*** DATA FOR REVIEW ***

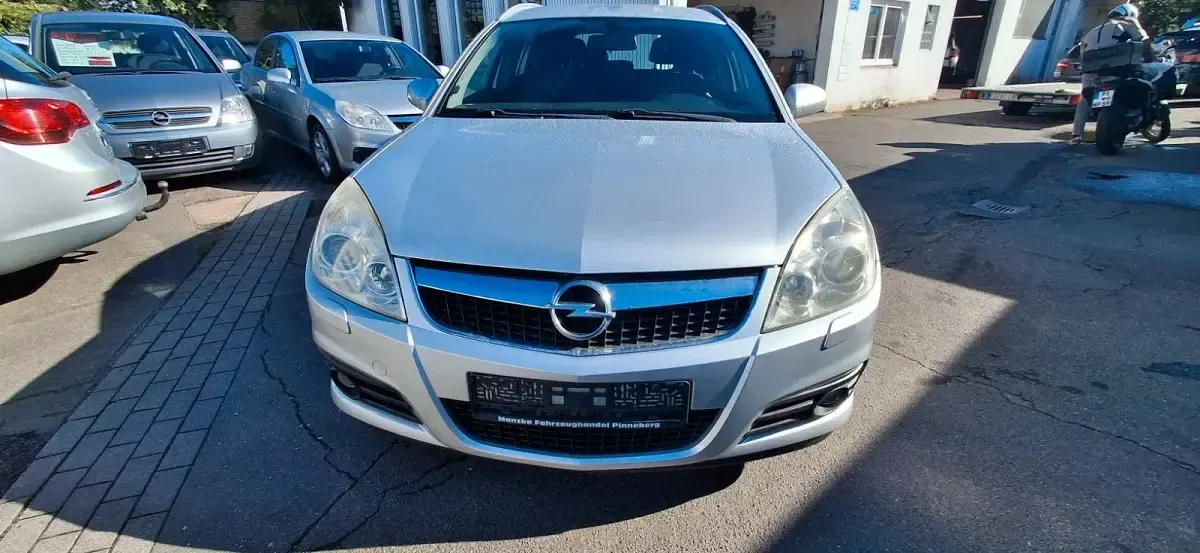 Gebraucht Opel Vectra Edition 155 PS (114 kW) 2005 Silber Kombi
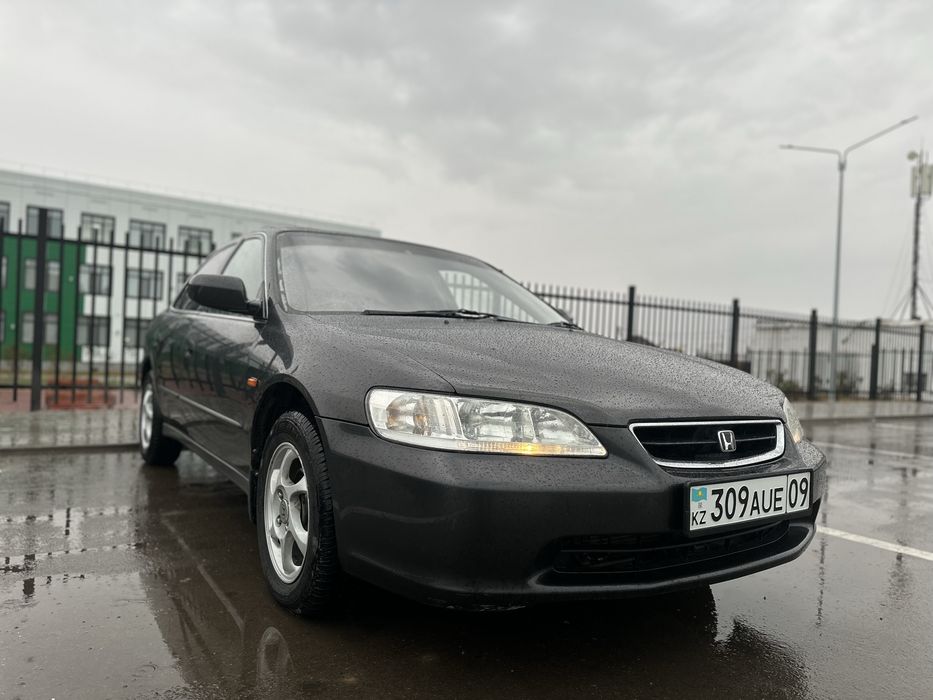 Продам honda accord 1998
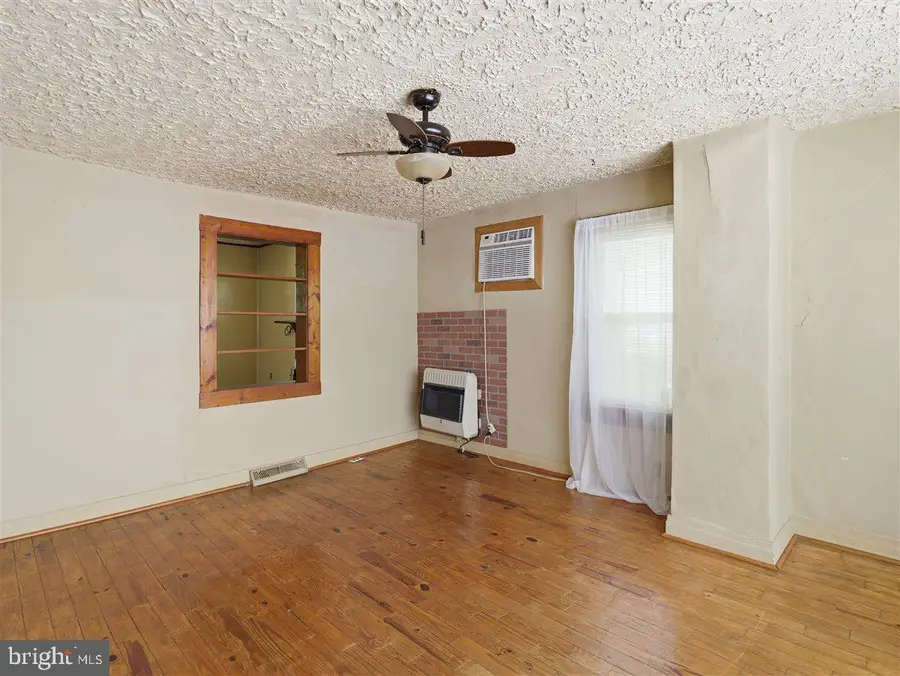 814 Tritapoe Dr, Knoxville, MD 21758 - #2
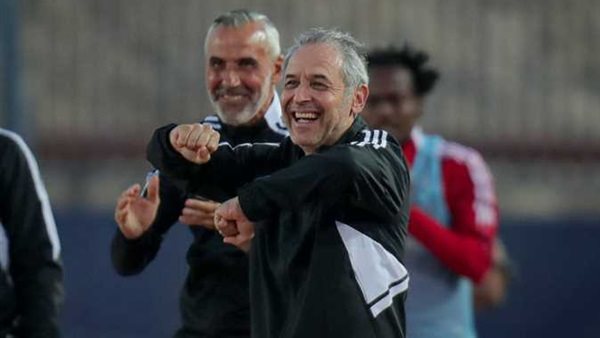 صدمة لـ كولر.. تفاصيل انتهاء موسم نجم الأهلي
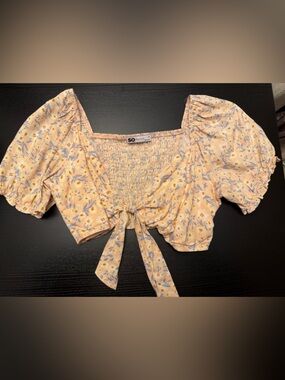 SO Floral Tie-Front Crop Top in Light Yellow and Blue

*** End of DATA FOR REVIEW ***

## WHAT YOU NEED TO DO:
Retype the entries word for word. Omit any images.

## YOUR SOLUTION:
 Gebraucht Opel Vectra Edition 155 PS (114 kW) 2005 Silber Kombi
 Продам honda accord 1998
 814 Tritapoe Dr, Knoxville, MD 21758 - #2
 صدمة لـ كولر.. تفاصيل انتهاء موسم نجم الأهلي
 SO Floral Tie-Front Crop Top in Light Yellow and Blue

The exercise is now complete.